The conclusion is the same one I came to last time :

When you write performance-critical code, you need to completely isolate it from function calls, setup code, etc. Try to pass in everything you need as a function argument so you never had to load from globals or constants (even loading static constants seems to be compiled very badly, you have to pass them in to make sure they get into registers), and do everything inside the function on locals (which you never take the address of). Never call external functions.

10 comments:

Tom Forsyth said...

Load-op on x86 is frequently not free. An instruction like "add rax, [rbx]" is usually broken into two uops - "mov temp, [rbx]" and "add rax, temp". These are sceduled separately, they execute in different units, and they take register file bandwidth just the same as if it was two real instructions. The two advantages over just using two real instructions are (1) you don't have to use an x86 register for the temporary. This used to be exciting, but in 64-bit we have 16 integer registers and it's not a big deal any more. (2) the combined instruction is slightly shorter to decode than the two separate ones, so saves a bit of I$ space.

That's on the current out-of-order cores. On the in-order cores (Atom, Larrabee, probably Rock Creek) they're almost always a bad idea and are slower than breaking the instructions apart.

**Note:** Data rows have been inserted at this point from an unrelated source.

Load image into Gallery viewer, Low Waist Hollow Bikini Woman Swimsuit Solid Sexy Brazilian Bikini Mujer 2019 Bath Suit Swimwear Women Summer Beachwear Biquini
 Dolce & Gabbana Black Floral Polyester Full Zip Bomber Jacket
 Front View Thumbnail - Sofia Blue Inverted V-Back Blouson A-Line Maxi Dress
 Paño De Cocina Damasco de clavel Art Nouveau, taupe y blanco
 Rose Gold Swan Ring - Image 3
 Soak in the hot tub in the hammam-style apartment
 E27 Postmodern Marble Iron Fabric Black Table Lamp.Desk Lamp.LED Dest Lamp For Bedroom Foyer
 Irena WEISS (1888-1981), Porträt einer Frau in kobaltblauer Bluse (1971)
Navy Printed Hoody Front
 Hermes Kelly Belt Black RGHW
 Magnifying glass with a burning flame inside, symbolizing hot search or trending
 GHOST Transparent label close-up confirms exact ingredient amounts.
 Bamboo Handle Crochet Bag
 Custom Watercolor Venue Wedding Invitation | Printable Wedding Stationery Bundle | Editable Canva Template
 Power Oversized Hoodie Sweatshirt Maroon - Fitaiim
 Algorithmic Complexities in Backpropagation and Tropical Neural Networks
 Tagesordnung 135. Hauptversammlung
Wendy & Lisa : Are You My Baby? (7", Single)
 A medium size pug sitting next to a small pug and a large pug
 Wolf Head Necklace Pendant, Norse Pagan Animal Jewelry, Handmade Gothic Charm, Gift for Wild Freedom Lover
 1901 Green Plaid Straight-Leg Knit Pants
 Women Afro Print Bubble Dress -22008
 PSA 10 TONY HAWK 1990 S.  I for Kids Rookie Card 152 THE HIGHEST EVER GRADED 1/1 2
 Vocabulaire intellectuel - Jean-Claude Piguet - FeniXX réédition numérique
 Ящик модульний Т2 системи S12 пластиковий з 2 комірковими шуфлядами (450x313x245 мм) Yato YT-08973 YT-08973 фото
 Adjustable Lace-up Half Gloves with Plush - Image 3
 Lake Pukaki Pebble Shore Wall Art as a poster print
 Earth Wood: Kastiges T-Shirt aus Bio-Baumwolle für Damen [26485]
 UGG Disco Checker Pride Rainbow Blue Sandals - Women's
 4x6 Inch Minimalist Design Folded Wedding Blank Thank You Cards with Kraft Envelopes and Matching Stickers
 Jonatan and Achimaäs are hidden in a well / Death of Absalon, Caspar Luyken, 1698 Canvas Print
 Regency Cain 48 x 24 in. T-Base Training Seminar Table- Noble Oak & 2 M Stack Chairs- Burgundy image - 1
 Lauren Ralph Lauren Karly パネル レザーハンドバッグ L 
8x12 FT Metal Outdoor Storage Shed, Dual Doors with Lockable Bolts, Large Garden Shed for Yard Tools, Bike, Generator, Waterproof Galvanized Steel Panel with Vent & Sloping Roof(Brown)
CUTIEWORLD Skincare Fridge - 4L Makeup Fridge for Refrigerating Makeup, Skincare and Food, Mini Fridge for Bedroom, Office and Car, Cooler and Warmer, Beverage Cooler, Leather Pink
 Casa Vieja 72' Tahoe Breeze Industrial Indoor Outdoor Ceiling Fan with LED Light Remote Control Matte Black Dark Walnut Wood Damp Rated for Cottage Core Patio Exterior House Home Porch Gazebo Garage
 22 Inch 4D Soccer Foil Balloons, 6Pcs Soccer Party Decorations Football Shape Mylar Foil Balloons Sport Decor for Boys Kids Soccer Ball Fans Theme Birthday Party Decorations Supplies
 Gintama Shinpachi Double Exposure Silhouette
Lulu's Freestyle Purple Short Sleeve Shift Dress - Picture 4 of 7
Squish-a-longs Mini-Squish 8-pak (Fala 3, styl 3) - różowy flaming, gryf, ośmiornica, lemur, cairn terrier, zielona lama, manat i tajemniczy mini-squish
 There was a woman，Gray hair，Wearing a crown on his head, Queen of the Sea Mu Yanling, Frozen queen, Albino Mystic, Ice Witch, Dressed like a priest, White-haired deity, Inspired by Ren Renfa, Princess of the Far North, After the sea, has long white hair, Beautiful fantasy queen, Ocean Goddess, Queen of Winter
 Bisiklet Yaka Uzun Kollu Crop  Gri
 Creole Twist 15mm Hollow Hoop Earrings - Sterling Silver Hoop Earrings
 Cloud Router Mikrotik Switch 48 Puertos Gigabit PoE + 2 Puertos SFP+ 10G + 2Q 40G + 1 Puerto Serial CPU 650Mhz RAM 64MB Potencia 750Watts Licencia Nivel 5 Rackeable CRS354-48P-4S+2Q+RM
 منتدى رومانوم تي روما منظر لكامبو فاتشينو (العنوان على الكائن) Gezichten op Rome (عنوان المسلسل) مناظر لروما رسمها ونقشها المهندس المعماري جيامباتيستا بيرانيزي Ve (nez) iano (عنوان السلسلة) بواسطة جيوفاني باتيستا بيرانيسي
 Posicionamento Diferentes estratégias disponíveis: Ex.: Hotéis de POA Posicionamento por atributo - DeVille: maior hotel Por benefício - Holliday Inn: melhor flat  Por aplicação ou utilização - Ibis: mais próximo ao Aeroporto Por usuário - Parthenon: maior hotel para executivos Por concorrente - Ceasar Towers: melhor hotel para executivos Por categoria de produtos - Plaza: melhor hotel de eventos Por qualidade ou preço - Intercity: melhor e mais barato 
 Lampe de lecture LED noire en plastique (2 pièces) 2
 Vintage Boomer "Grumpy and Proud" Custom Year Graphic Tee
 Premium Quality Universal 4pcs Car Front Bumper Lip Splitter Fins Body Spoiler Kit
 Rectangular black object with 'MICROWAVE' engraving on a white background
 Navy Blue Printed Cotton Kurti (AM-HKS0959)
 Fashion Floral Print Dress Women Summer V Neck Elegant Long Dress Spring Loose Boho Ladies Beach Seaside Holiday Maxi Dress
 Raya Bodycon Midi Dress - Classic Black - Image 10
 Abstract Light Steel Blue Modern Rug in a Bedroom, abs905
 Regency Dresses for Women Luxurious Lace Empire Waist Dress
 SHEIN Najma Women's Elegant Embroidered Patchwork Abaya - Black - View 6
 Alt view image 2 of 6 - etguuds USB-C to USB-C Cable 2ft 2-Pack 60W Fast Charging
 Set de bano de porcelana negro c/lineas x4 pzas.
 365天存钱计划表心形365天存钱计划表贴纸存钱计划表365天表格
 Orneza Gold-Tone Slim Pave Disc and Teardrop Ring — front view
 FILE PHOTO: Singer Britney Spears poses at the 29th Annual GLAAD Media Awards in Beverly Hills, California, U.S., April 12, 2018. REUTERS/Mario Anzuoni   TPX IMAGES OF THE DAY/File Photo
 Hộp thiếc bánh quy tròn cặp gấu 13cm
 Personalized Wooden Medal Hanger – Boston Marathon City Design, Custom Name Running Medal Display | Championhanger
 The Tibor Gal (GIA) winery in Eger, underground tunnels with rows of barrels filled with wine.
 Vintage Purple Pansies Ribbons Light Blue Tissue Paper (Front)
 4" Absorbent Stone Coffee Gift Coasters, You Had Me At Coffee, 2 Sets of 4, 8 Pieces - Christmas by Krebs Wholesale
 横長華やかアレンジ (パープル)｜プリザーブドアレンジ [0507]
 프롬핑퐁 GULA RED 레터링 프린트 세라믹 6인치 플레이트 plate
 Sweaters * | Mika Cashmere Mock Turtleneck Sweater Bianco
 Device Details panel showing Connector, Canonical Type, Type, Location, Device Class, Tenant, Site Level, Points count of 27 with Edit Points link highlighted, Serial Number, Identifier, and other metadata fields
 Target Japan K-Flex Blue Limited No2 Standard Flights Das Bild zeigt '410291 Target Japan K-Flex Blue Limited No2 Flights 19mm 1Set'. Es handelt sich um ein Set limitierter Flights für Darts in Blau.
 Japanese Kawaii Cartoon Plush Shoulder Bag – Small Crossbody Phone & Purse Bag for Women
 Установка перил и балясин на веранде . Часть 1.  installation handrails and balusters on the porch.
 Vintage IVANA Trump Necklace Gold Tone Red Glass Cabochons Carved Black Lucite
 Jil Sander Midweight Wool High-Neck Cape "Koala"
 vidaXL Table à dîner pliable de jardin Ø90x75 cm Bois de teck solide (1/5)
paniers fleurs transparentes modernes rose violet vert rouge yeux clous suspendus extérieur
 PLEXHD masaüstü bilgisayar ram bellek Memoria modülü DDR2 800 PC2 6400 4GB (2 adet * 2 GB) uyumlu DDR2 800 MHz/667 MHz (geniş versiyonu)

It gets even more complex with instructions like "add [rbx], rax", i.e. with the memory as destination. These can cause a lot of problems for OOO cores, because even though it's broken into three uops, it still has to behave as if it is a single one. There's subtleties there to do with fault handling and how many times you're allowed to read or write memory.

As for OOO vs in-order, you've made a fairly standard mistake of thinking the PowerPC cores are shit because they're in-order. No, they're shit because they're shit. They're just badly made. They built them for a clock speed that was too high, so their pipelines have way too many stages, they don't have enough bypasses to handle that many stages, and so they stall like crazy. If they'd designed them to run at half the clock speed the pipelines would be far shorter, much simpler, and they'd run a lot better.

cbloom said...

"As for OOO vs in-order, you've made a fairly standard mistake of thinking the PowerPC cores are shit because they're in-order. No, they're shit because they're shit"

Sigh. No, that's not my point at all. My point is not that they are slow, but how they affect coding practice.

In particular, the issue is that on x86, complex C++ is maybe only 25-50% slower than simple C code (no structs, only locals). On in-order PPC the C++ might be 100-200% slower than simplified C.

Certainly the reason this is so important at the moment is because these PPC chips really suck. But even if everything was faster it would still favor the old plain-C style of coding.

Basically it give credibility to all the curmudgeons and dinosaurs who think that allocations during your frame and polymorphism and such like are terrible. On x86 you can just roll your eyes and get on with your C++, but on in-order PPC you have to grudgingly admit that they are in fact correct.

Now an actual interesting topic is how a tiny bit of out-of-orderness might fix this which I guess is what they're doing in Atom2. But I don't know the details about that.

Tom Forsyth said...

It looks like most of your gripes are to do with the compiler, not with the low-level ASM architecture.

In practice, good code for x86 looks very similar to good code for PPC code. Yes, the PPC kicks you in the nuts much much harder when you (or rather, the compiler) screw up - that's because it's a shitty design.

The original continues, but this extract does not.